# Iowa Blue vs. Pencil Rock



## HonestOmnivore (Feb 26, 2013)

Help! I hatched out three types of chicks at the same time: Iowa Blues, Penciled Rocks, and a backyard bred Cornish Rock hybrid. Five months later the Cornish rocks are pretty distinctive, and the penciled hens... But I can't tell the Iowa Blue cockerls from the penciled rock cockerls? And some of the hems could be "weak" penciled rocks (coloring wise). Any one have any ideas?


----------



## ksalvagno (Oct 6, 2009)

Can you post pictures?

How is Millie doing?


----------



## HonestOmnivore (Feb 26, 2013)

OMG we love her soooooooo much! She totally bullies our three NDGs but overall she's a sweet herd lead!

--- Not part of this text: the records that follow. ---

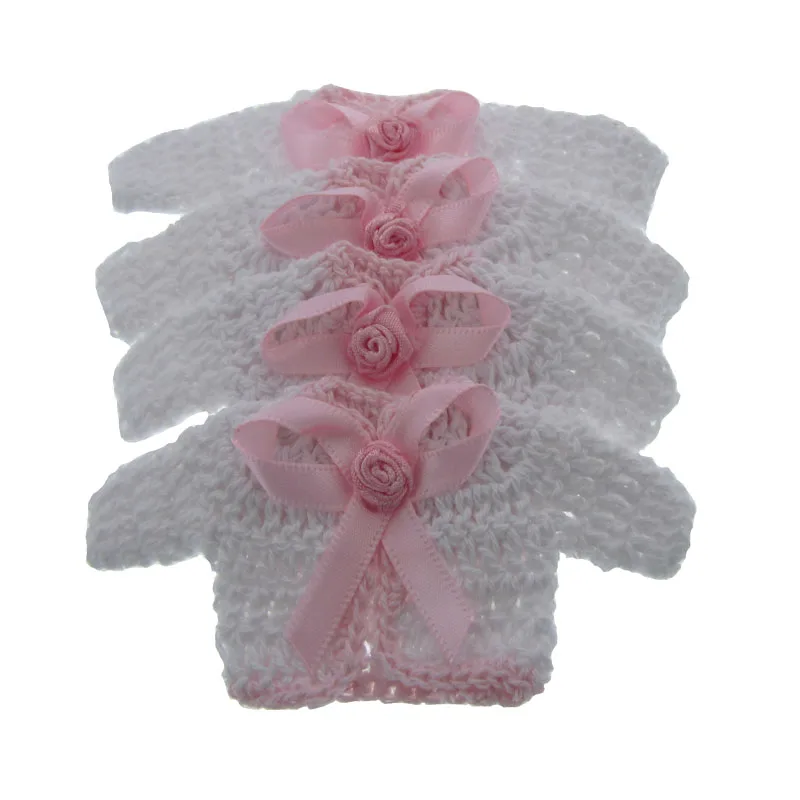 

12Pcs miniature crochet sweater flower ribbon baby shower baptism craft party decorations 5.0 x 9.5cm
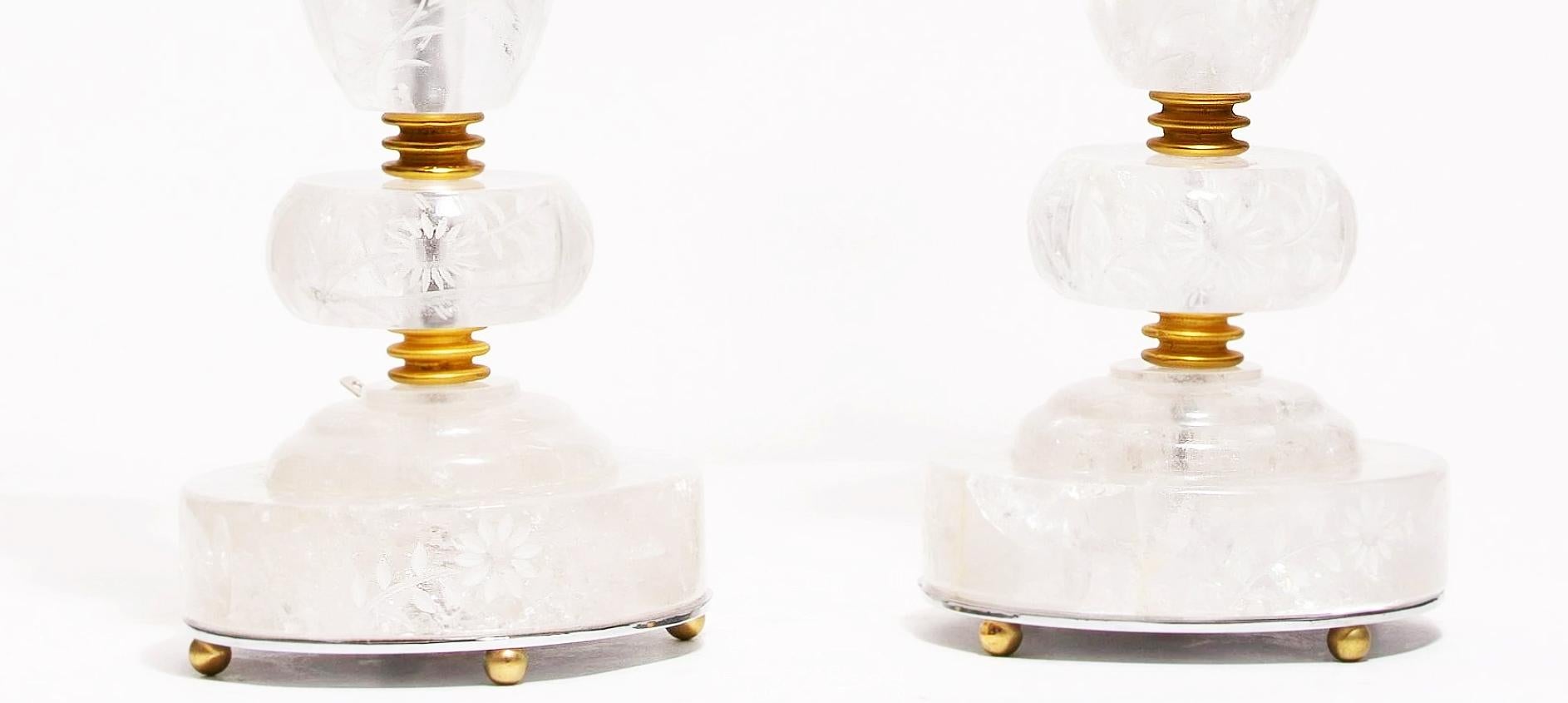 Pair of Engraved Rock Crystal Table Lamps For Sale 2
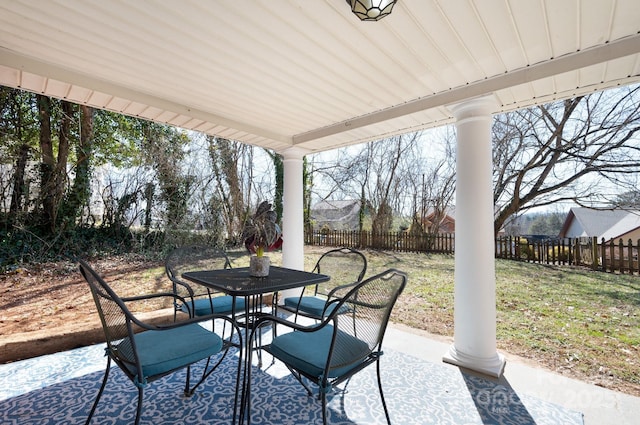 view of patio / terrace with outdoor dining space and a fenced backyard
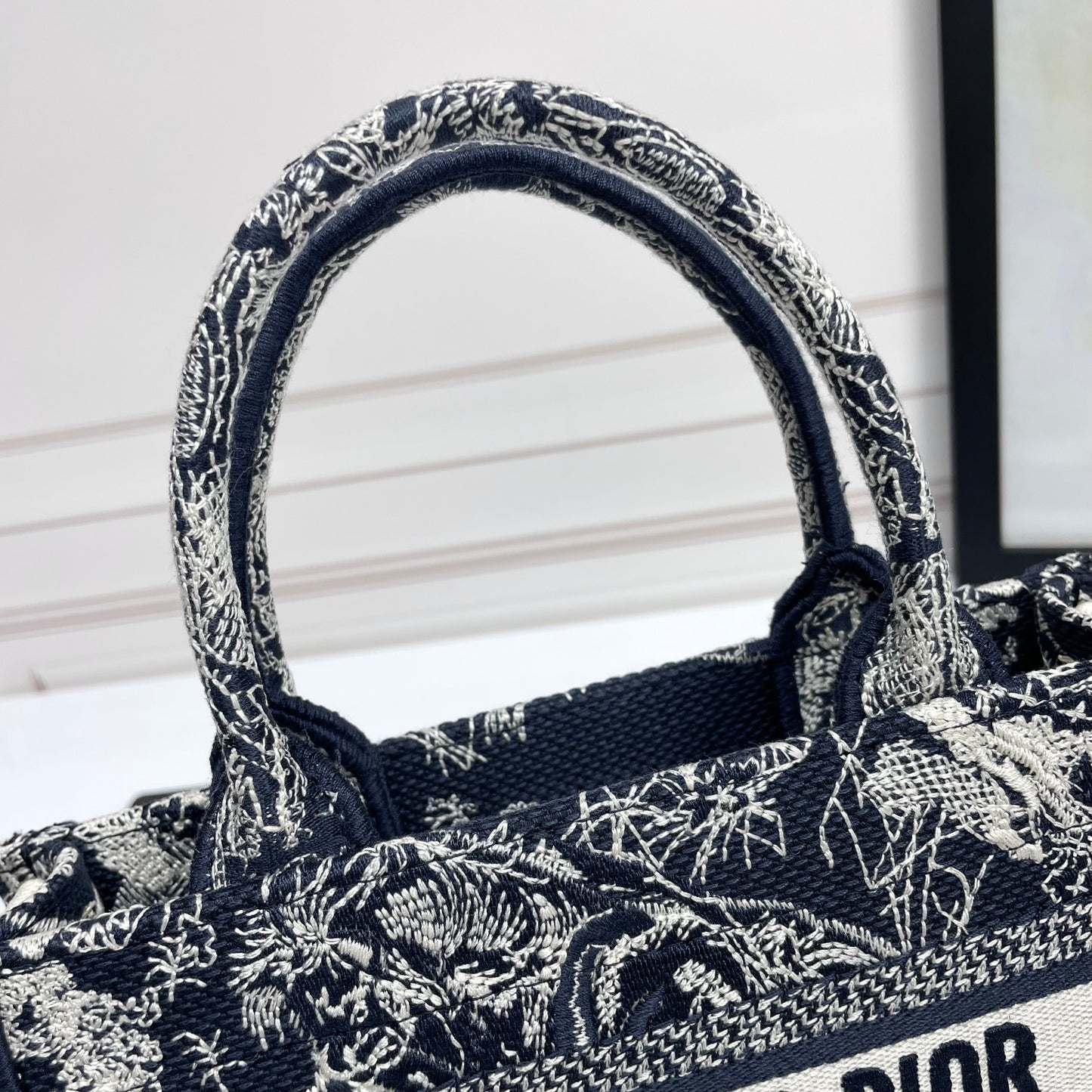 Christian Dior Mini Book Tote with Strap - Black & White Embroidered Pattern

She's the first one milked and she stations herself outside the door calling with her musical voice until all three NDGs have been milked and turned out with her. She may be bossy, but she sure wants her entire herd outside with her! She's producing close to 7 lbs a day, all 3 dwarfs produce a scant 2lbs combined LOL! Her only downside is that she has eaten most of our chicken coop. Who knew she would like old straw bales better than briars, maple leaves and clover (poison ivy is still her FAVORITE!)


----------



## ksalvagno (Oct 6, 2009)

Wow that is great! Amazing that she is still milking so well.


----------



## mjs500doo (Nov 24, 2012)

Need pics to assist.


----------